Funding Period: September 2001 - March 2005

Project Description - This pilot, placebo-controlled randomized clinical trial explored the benefits of acupuncture in patients with functional impairments due to hemiparesis that persist six months or more after stroke. It also examined questions about the mechanisms of recovery from stroke and the role of placebo and psychosocial mechanisms in response to acupuncture. Thirty-three subjects were randomized to receive either individually tailored active or sham acupuncture over a 10-week period (20 treatments in total). Outcomes included motor impairments, whole-person functional biomechanics (computerized human motion analysis), performance of activities of daily living, and medical quality of life. Functional MRI (fMRI) was also used to assess neurological responses to acupuncture.

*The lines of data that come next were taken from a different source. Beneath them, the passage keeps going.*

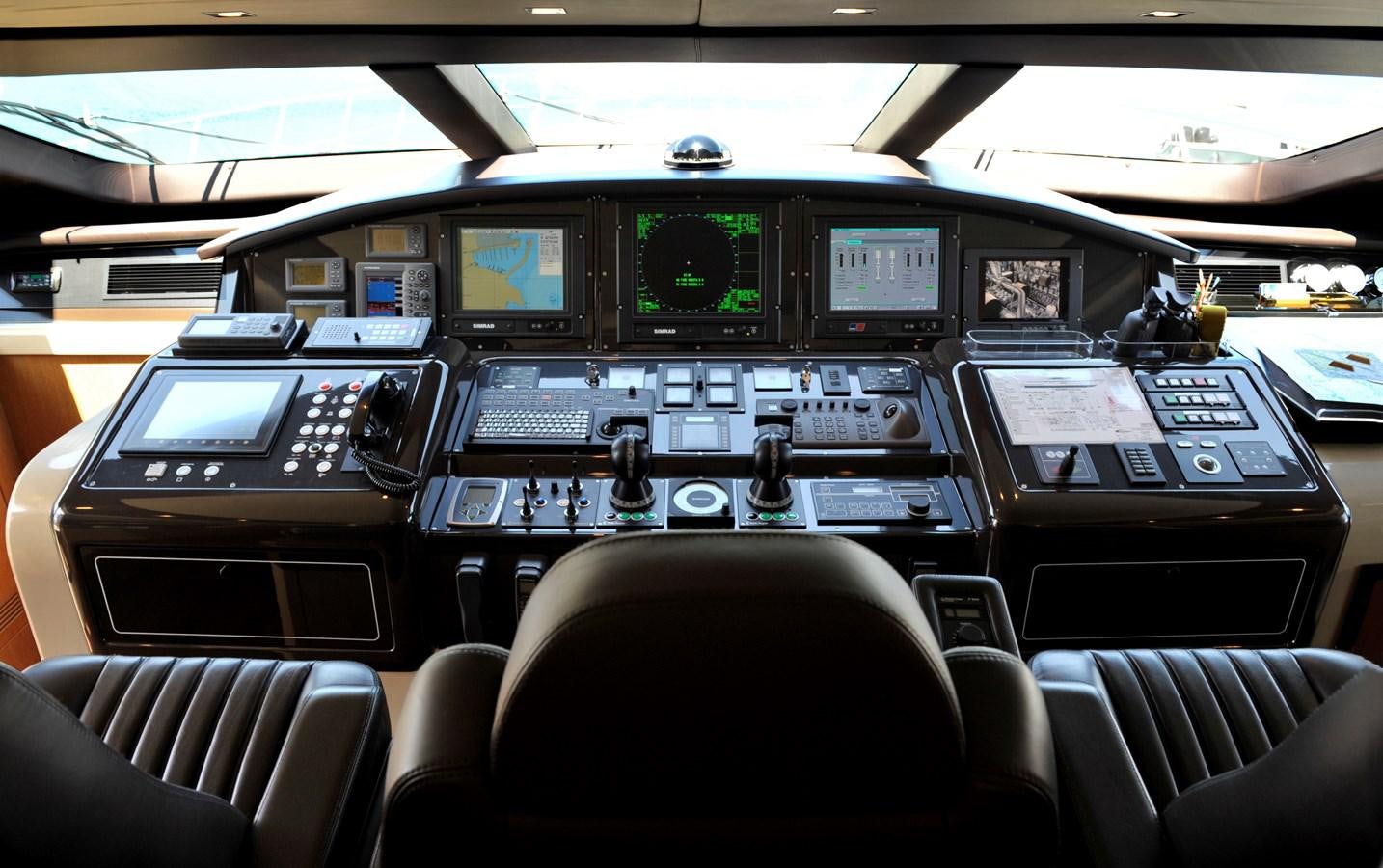 the cockpit of an airplane aboard MANGUSTA 108 - BECOOL - CAREFULLY USED Yacht for Sale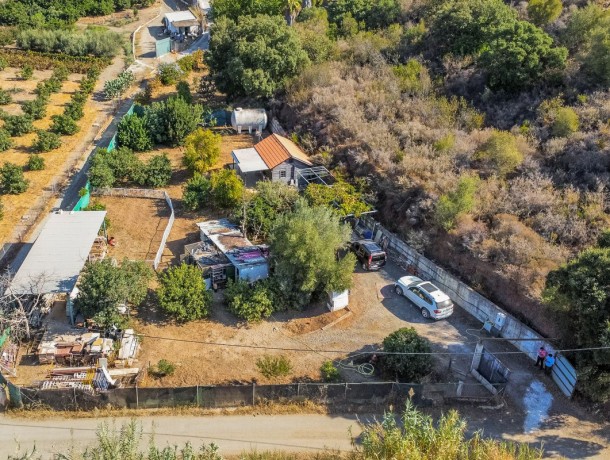 Plot for sale in El Padron, Marbella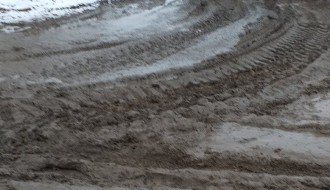 Blato do kolena na uglu ulica Jovana Mikića i Celjske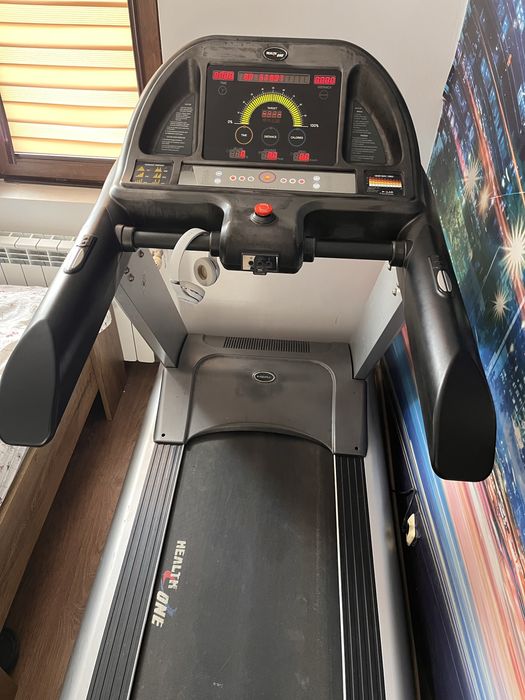 Професионална пътека за бягане HERA-7000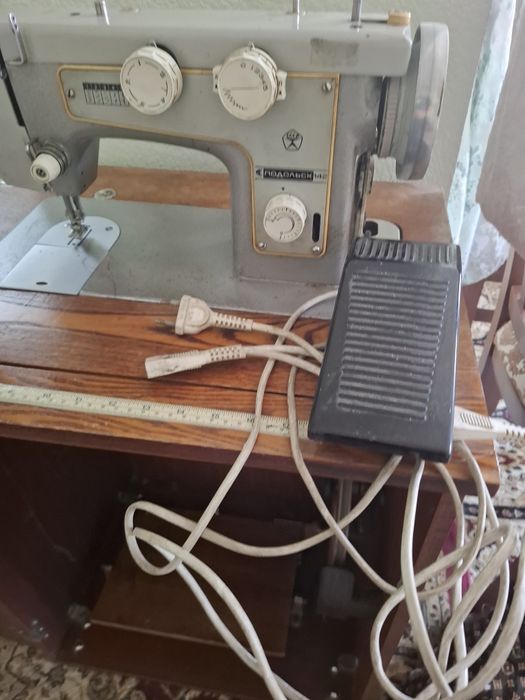 Швейная машинка  бытовая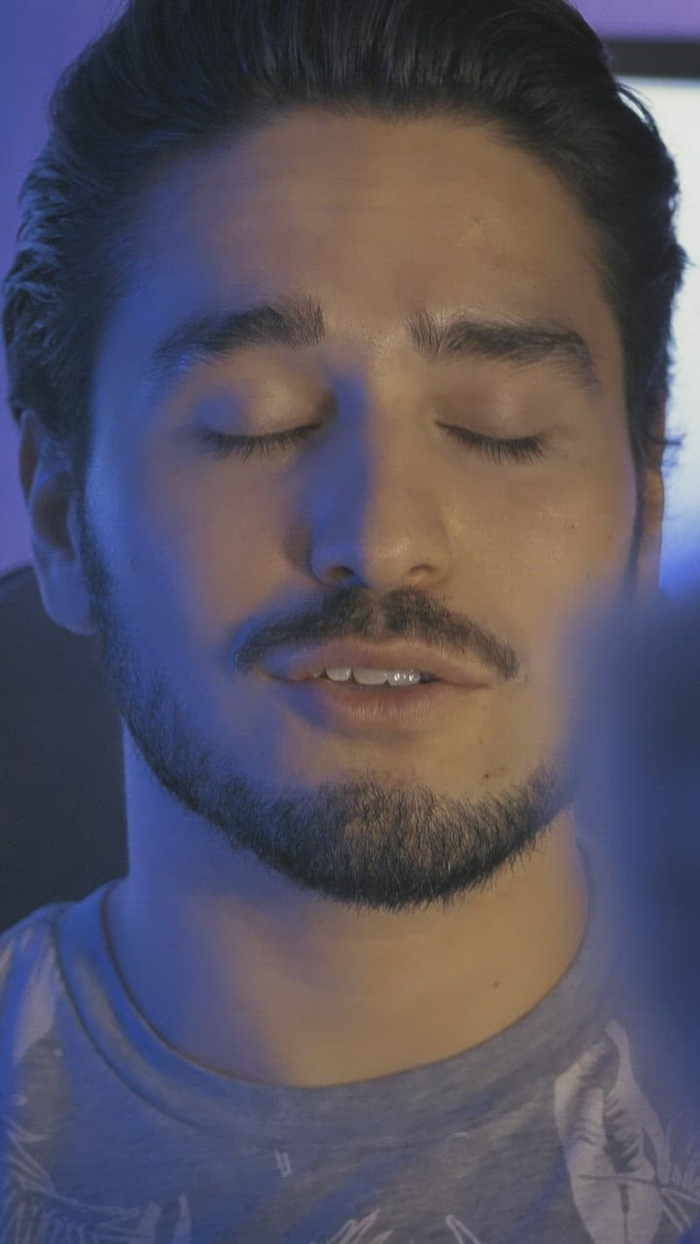 视频博主对着镜头说话的脸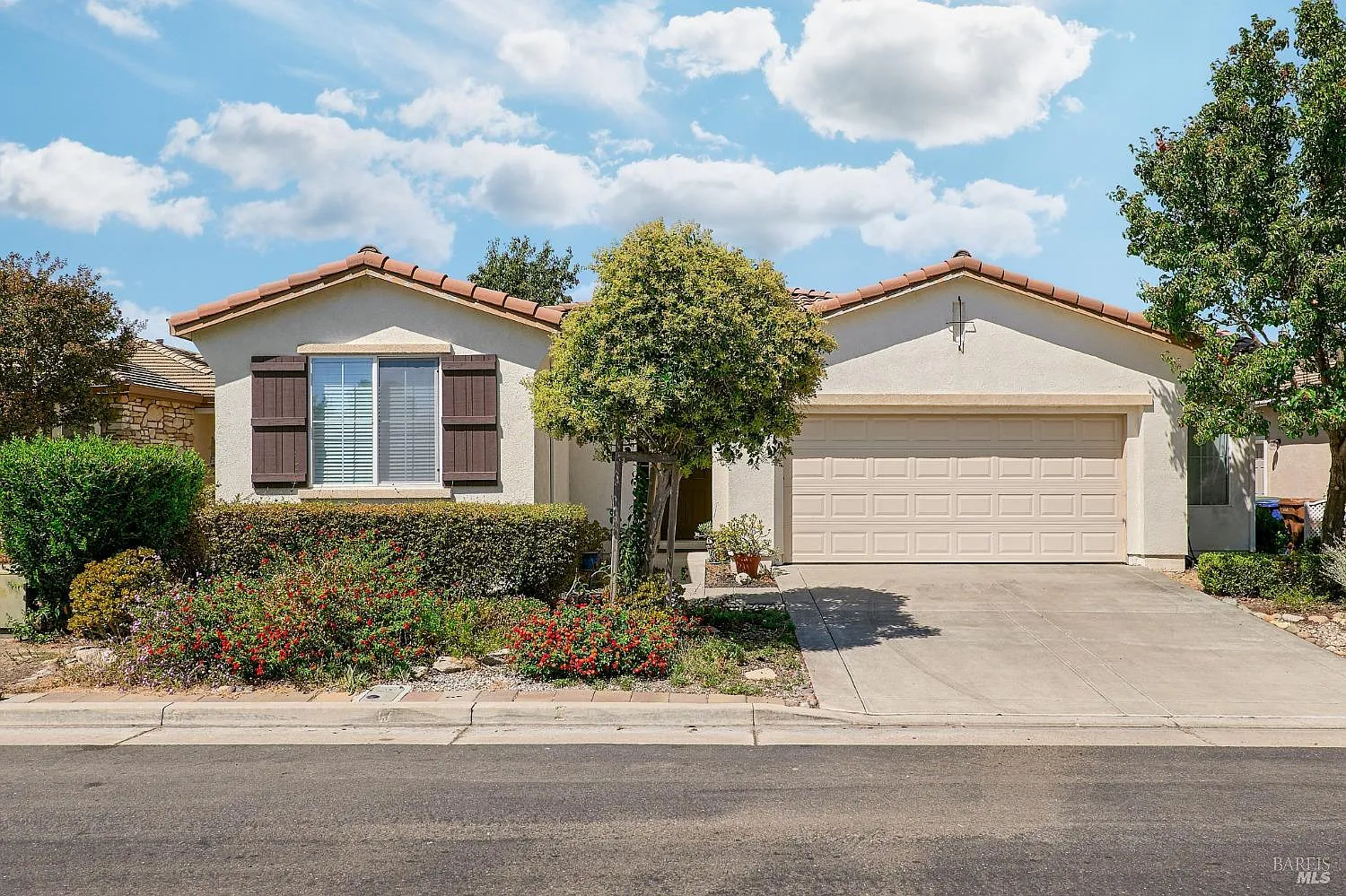 407 Palisades Drive photo 1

Current Status - Trial closed and completed. Manuscripts have been written and submitted to peer-reviewed journal (see below).

Results and Conclusion of Clinical Outcomes: Intention-to-treat (ITT) analyses found no statistically significant differences in outcomes between active and sham acupuncture groups. However, analyses of protocol-compliant subjects revealed significant improvement in wrist spasticity (P<.01) and both wrist (P<.01) and shoulder (P<.01) ROM in the active acupuncture group, and improvement trends in UE motor function (P=.09) and digit ROM (P=.06). Gains in UE function observed in protocol-compliant subjects suggest traditional Chinese acupuncture may help patients with chronic stroke symptoms. These results must be interpreted cautiously because of small sample sizes and multiple, unadjusted, post hoc comparisons. A larger, more definitive RCT using a similar design is feasible and warranted.

Results from Neurophysical Outcomes: Seven chronic hemiparetic stroke patients underwent sensorimotor function (SMF) testing and fMRI before and after a period (~10 weeks) of real or sham acupuncture treatment. The correlation between change in sensorimotor function and brain activation was tested. Change in sensorimotor function after acupuncture varied across the patients, with patients receiving real acupuncture showing a trend (P=0.077) toward greater gains in sensoriomotor function than those receiving sham acupuncture. There was a significant (P<0.001) positive correlation between change in sensorimotor function and change in ipsilesional sensorimotor cortex activation associated with the paretic upper limb. These results suggest acupuncture can induce modest gains in sensorimotor function in chronic stroke patients, and this effect appears to be mediated by an increase in ipsilesional sensorimotor cortex recruitment.

Publications:

  1. Wayne PM, Krebs DE, Macklin EA, Schnyer R, Kaptchuk TJ, Parker SW, Scarborough DM, et al. Acupuncture for chronic stroke: a randomized controlled trial. Arch Phys Med & Rehab , 2005 (In Press).
  2. Schaechter JD, Connell BA, et al and Wayne PM. Correlated change in sensorimotor cortex activation after acupuncture in chronic stroke patients. Submitted to Stroke .
  3. Schyner RM, Wayne PM, Kaptchuk T, Cheng XM, Zhang ZZ. Development of a Replicable, Individually-tailored treatment protocol for a randomized controlled trial evaluating acupuncture for stroke rehabilitation. Submitted to J Alt Compl Med .
  4. Wayne PM, Krebs DE, Macklin E, Schnyer RN, Parker SW, Scarborough DM, Kaptchuk TJ, McGibbon C, Schaechter JD, Stein J, Stason WB. Acupuncture for chronic stroke symptoms: a randomized controlled trial. Abstract. J Altern Compl Med. 2004; 10 (6): 1137.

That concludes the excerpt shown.